Decoding is essentially sounding out letters.
Decodable books use stories constructed using words with phonetically controlled spelling patterns. These books contain the sounds and spellings that the child has been explicitly taught. The child then uses their knowledge of letters (graphemes) and sounds (phonemes) to read the words in the text on their own, without guessing.
Decodable books also contain high frequency words such as ‘was,’ and ‘the.’ These books are fantastic as they allow children to gain confidence as they sound out the words while practising their reading fluency.
These books also allow children to practise the crucial reading skills of blending and segmenting and help to build fluency and mastery with previously taught sounds.
Decodable readers are a crucial part of a systematic synthetic phonics approach to teaching reading. This approach involves teaching a small number of sounds at a time, and gradually adding in more sounds and spellings in a defined sequence.
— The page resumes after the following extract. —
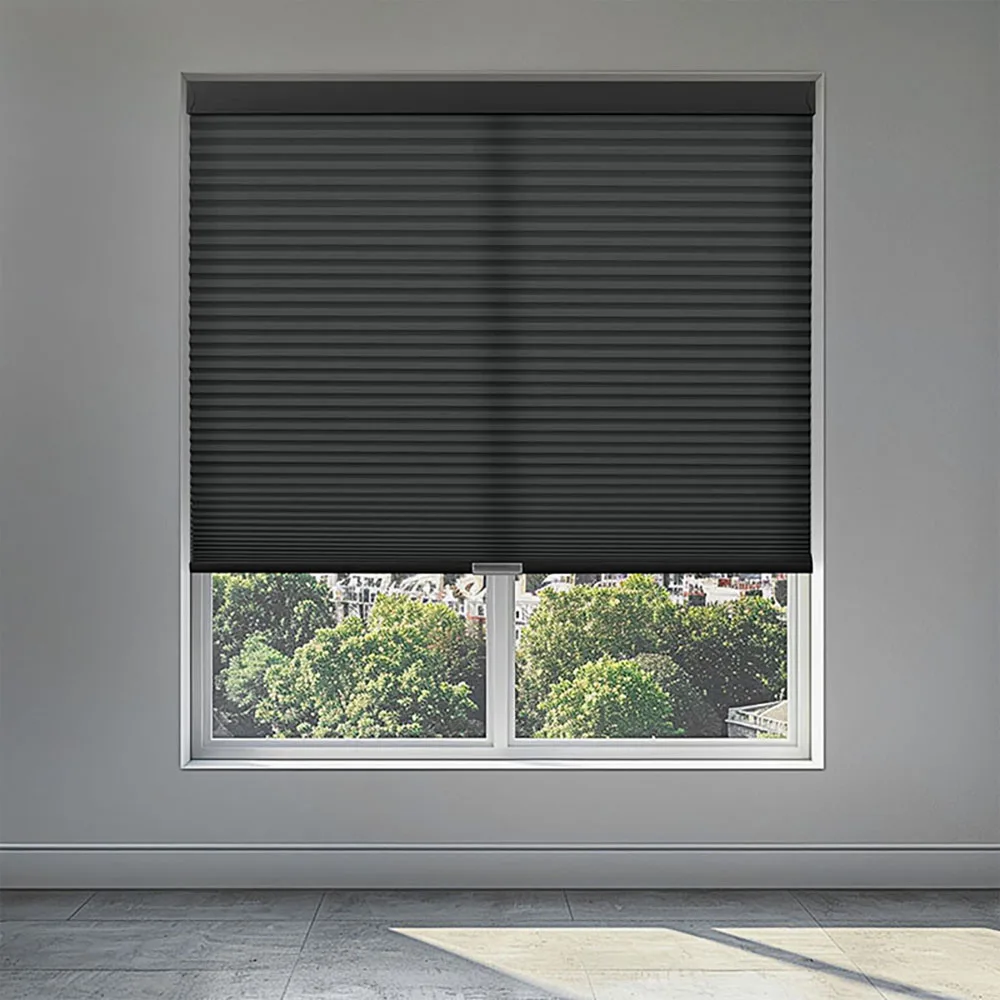 Pocageum Custom Size Color Light Filtering Honeycomb Blinds Thermal Insulated Cellular Window Shades for Home Bedroom Kitchen Rm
Decodable books match a child’s current skill level
A child at the beginning stages of reading who has learned the spellings and the sounds that are associated with s a t p i n – will be able to decode and read simple words using these sounds like ‘mat’ sat’ ‘pin’ sit’ ‘tin.’ They will not be able to read more complex words like ‘train’ and ‘seed.’
A decodable book contains sounds and spellings that MATCH the child’s current letter and sound knowledge so the child has the necessary skills to read the words in those books.
On the other hand, a child with a take home reader which is predictable, like the one below, – relies on poor reading strategies. As they don’t yet have the knowledge to read words like ‘train, ‘bulldozer’ and ‘engine.’
So they guess. And look at the picture for clues. Which is not reading. It’s guessing.
To learn to fluently read, children need practise between the sounds and spelling patterns they are learning and the text they are seeing in their own books.
Whereas, when a child reads a fully decodable book, the only reading strategy they are using is sounding and blending words.
The child is linking the sound and letter patterns straight away and is able to improve fluency, accuracy and speed with those sounds and letters.
Being able to read the words, rather than guessing and hoping they’re right, builds the child’s confidence and teaches the child that reading is a code that they are learning to crack.
With continued reading practise and explicit teaching, the child will read increasingly more complex texts.
So, what decodable books are suitable for my child?
When choosing a decodable book, first consider what your child has been taught through phonics instruction.
The teaching sequence and the decodable book content must match up so children can sound out and blend the words in the book.
Beginning decodable books contain only simple phonic knowledge. Your child may have been introduced to the beginning sounds of SATPIN. Therefore, a beginning reader, who is learning to blend CVC (3 letter words) should start with books which contain only CVC words.
If you child is learning the consonant digraphs ck sh wh th – choose books which incorporate those phonic patterns.
If you child is learning about the sounds and associated alternative spellings for the /ae/ sound – focus on decodable books contain those spelling patterns – i.e. ai ay a_e ea a
Where can I get decodable readers?
The easiest way to get your child reading a decodable book at home is to download some apps.
Decodable books you can download as an app
- Little Learners Love Literacy
- Decodable Readers Australia
- Fitzroy Sounding Readers
- Oz Readers
- TAP teen and adult phonics library
Decodable books are for older learners, too.
Decodable books aren’t just for beginning readers.
The phonic books catch-up series are suitable for children aged 8-14 who have gaps in their phonics knowledge. Decodable books for older students focus on one phoneme (sound) and the alternative spellings for that sound. These books progressively allow children to practise fluency with the alternative spellings for the same sound. This assists older learners to build their reading fluency.
At Learning Works Hub we love decodable books.
Decodable books are fantastic and should be part of every reading lesson.
There are plenty of options to incorporate a decodable book into your child’s reading routine.